In order to attain a reduction in the weight, an improvement in the fatigue strength, etc., there is an ever-increasing demand for an increase in the strength of an ultra fine steel wire. A very fine steel wire used for the reinforcement of tires of automobiles, various belts for industries, etc., has hitherto been produced by subjecting a hot-rolled wire material of a high carbon steel to a repeated intermediate wire drawing and a patenting treatment to bring the wire into a desired wire diameter and then subjecting the wire to a final patenting treatment, plating the treated wire for improving the wire drawability and the adhesion to rubber, and subjecting the plated wire to wet drawing to a predetermined wire diameter. For example, the steel tire cord is produced by finally twisting the element wire produced by the above-described method by a twisting machine, such as a double twister.
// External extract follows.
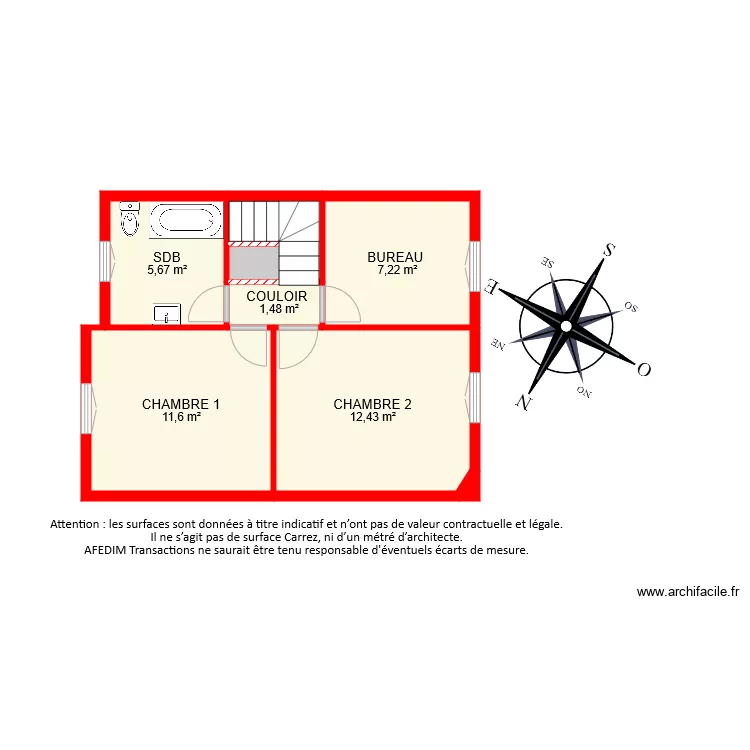 BI 7651 ETAGE. Plan de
In the above-described manufacturing process, in order to attain an increase in the strength of an ultra fine steel wire, it is necessary to increase the strength of an element wire after the final patenting treatment or to increase the final wire drawing strain, but an increase in the strength of the element wire after the final patenting treatment or the wire drawing strain frequently gives rise to a breaking of a wire in the step of twisting after the wire drawing, which remarkably lowers the productivity. For this reason, for example, in the case of a steel wire having a wire diameter of 0.3 mm.phi. wherein use is made of SWRS82A, the limitation of the tensile strength sufficient to withstand twisting is 340 kgf/mm.sup.2, and it is difficult to produce an ultra fine steel wire having a higher strength on a commercial scale.
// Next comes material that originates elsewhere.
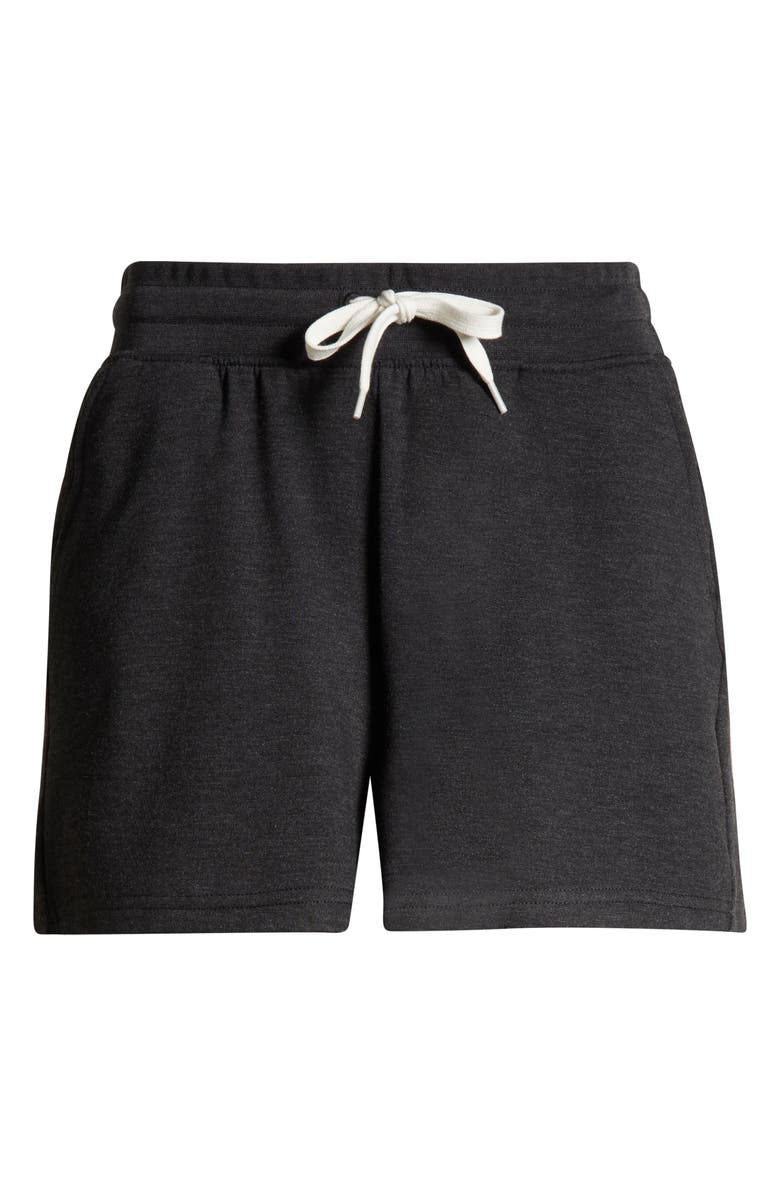 Free Fly Lightweight Fleece Shorts, Alternate, color, Heather Black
On the other hand, in order to improve the workability in stranding of a high carbon steel wire having an increased tensile strength, for example, Japanese Unexamined Patent Publication (Kokai) Nos. 60-204865 and 63-24046 and Japanese Examined Patent Publication (Kokoku) No. 3-23674 propose a high carbon wire material for an ultra fine wire less liable to breaking in the step of twisting, through the regulation of chemical ingredients such as C, Si, Mn and Cr. As apparent also from working examples, the tensile strength of the steel wire is 350 to 360 kgf/mm.sup.2 at highest, which limits an increase in the strength of an ultra fine steel wire. Further, in order to improve the fatigue properties of the ultra fine steel wire, for example, Japanese Unexamined Patent Publication (Kokai) No. 2-179333 proposes a process for continuously producing an ultra fine wire having a high fatigue resistance, through a continuous projection of fine hard particles onto the surface of an ultra fine wire having a diameter of 0.5 mm or less to improve the residual tensile stress of the surface layer of the extra thin wire into a residual compression stress. Nevertheless, to convert a residual tensile stress in the surface layer of a high-strength of 400 kgf/mm.sup.2 or more, ultra fine steel wire to a residual compression stress, it is necessary to conduct a high degree of shot peening, so that problems arise such as an increase in the surface roughness and peeling of a brass plating in the surface layer having a reduced thickness due to wire drawing.